Senedd members will vote on the law in the coming weeks – and the RSPCA believes the regulations that come into effect in September must be “the last step in a broad and holistic journey” to improving puppy welfare and puppies. kittens in Wales.
RSPCA Public Affairs Officer David Bowles said: âThe release of this new law is an important moment for puppies and kittens in Wales.
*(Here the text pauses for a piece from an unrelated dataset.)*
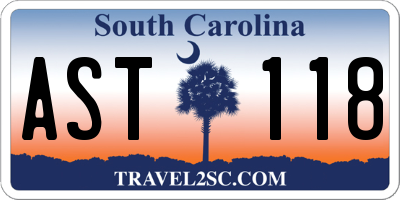 SC license plate AST118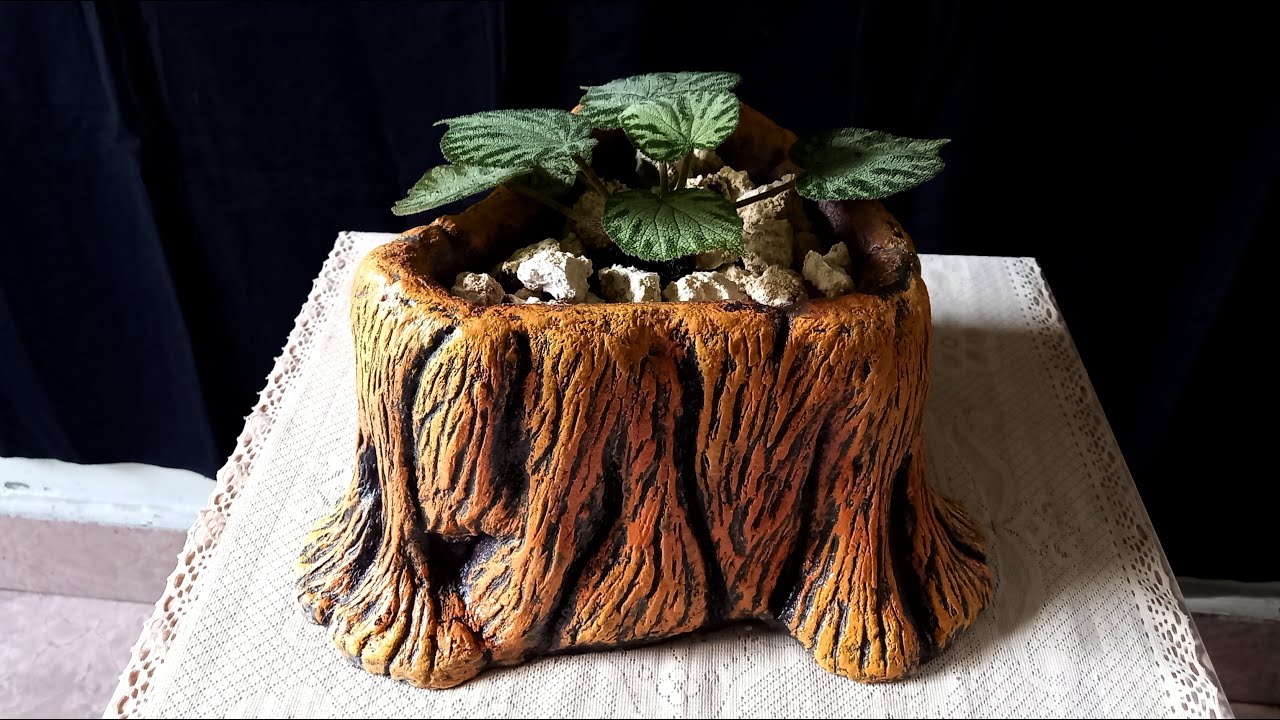 Tree Stump Pot Made from Cement | Creative Pot Idea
Wales is the center of dog breeding in the UK, many of which are bred to poor existing standards, we welcome the law which requires anyone who commercially sells an animal to meet minimum welfare standards.
“We also welcome the commitment to ban the sale of puppies and kittens by third parties, but we are concerned that the lessons of this ban in England have not been learned and that unscrupulous dealers may continue to operate. .
“Poor breeding and rearing conditions, unnecessary transport and being taken from mothers too early are sadly a sad reality for many puppies and kittens – and the ban on third party sales will be a problem. important event to prevent these young animals from being subjected to such situations.
“We welcome the commitment of local authorities to release data on licensed sellers in their area – a first in the UK. The annual license renewal will mean regular on-site checks and more information than ever on the number of profit-making pet sellers in different parts of Wales.
âEnforcement will be key to ensuring this law raises animal welfare standards, especially for dog breeding, across Wales.
“However, we are asking for clarification that rescue centers – which often save puppies and kittens from situations of neglect, cruelty and abuse – will be exempt from this ban; so that rescued animals can be relocated. once it is safe and appropriate to do so.
‘If rescue centers are exempt, we also urge the Welsh government to consider plans like those proposed in Scotland – which aim to prevent existing third-party vendors from reinventing themselves as rescues and exploiting a potential loophole in the law .
“We look forward to working with the Welsh government, members of the Senedd and local authorities before and after the passage of this new law. It is expected to come into force in September, which will be the last stop on what must be a journey. broad and holistic to improve the welfare of puppies and kittens in Wales.
More information on the RSPCA’s efforts to improve puppy welfare – including the new #ForPupsSake campaign to stop puppy imports – is available on the association’s website.